▶ _WORK ORDER_
Exactly the lines from the one containing "Portada oficial de" through the one containing "ki se tsu hair" in the listing below are to be copied, with the pictures left out.

▶ _DATASET CONTENT_
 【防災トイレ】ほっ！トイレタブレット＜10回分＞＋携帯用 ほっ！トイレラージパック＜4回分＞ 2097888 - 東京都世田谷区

--

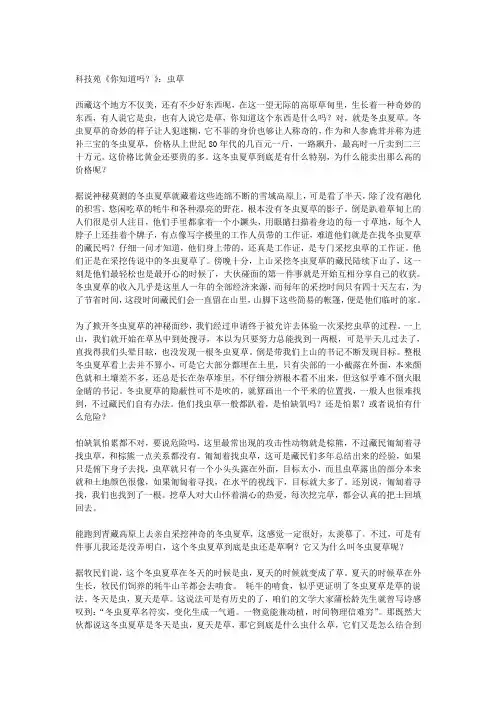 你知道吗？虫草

---

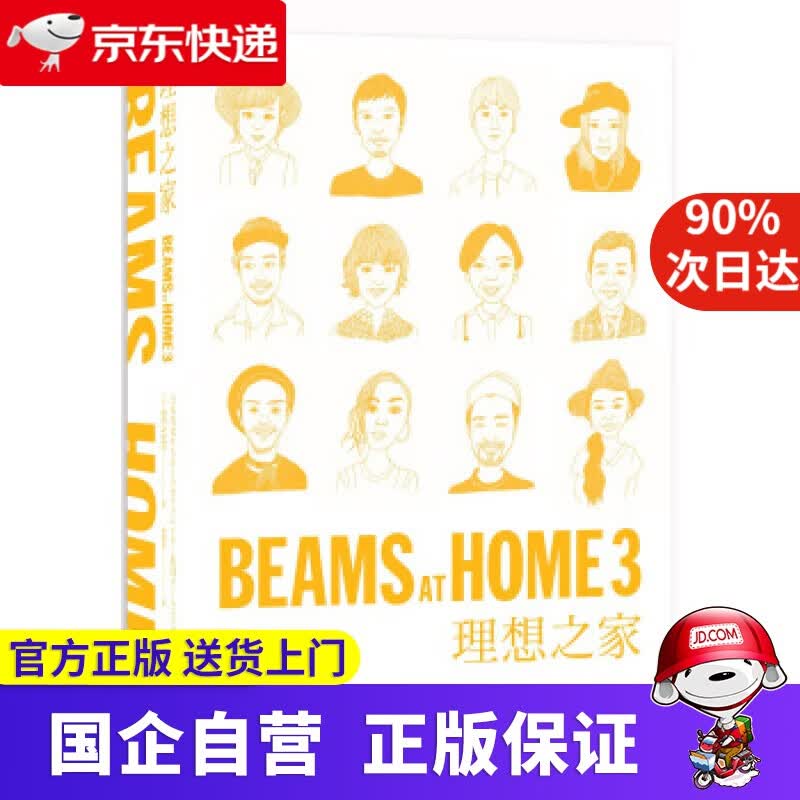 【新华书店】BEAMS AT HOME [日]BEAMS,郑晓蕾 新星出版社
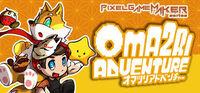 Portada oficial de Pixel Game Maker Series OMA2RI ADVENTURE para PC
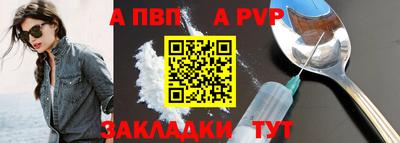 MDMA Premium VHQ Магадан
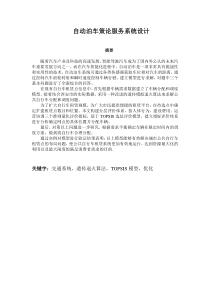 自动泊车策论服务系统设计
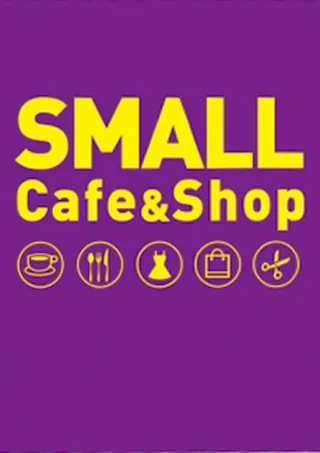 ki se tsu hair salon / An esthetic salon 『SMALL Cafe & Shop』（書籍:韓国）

▶ _REPLY_
 Portada oficial de Pixel Game Maker Series OMA2RI ADVENTURE para PC
 MDMA Premium VHQ Магадан
 自动泊车策论服务系统设计
 ki se tsu hair salon / An esthetic salon 『SMALL Cafe & Shop』（書籍:韓国）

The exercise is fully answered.